The basis of the reforms in central European and Baltic countries lies in transformation of a single distributive pay-as-you-go pension system based on the principle of solidarity between generations to a pre-funded capital-based system.

The German finance ministry on Tuesday (17 August) reacted by saying it is "very sceptical" about making a change which could make figures from the relevant countries "more difficult to interpret at the EU level."

"It would also disadvantage governments that have chosen different ways of reforming their pension systems and share the costs of the reform differently," the German communique noted, Bloomberg reports.

The European Commission, for its part, said the same day that it is mulling over its position on the issue.

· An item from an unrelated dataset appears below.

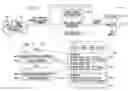 Fig. 02 - Random stimuli generation of memory maps and memory allocations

"Of course the commission would like the criteria on public debt to be strengthened and to be taken more seriously so it is highly relevant that this matter be raised now," the body's spokesman Amadeu Altafaj told reporters.

The EU executive aims to react to the letter ahead of the next meeting of the taskforce on 6 September.

The taskforce, led by EU Council President Herman Van Rompuy, is looking into new EU fiscal rules designed to prevent a repeat of the recent financial crisis.

Felix Roth, a Brussels-based analyst from the Centre for European Policy Studies think-tank, came down on Germany's side in the debate.

"If you give in to nine member states you just water the Stability and Growth Pact down, which could be a huge problem, as we have seen now during the crisis," he told EUobserver.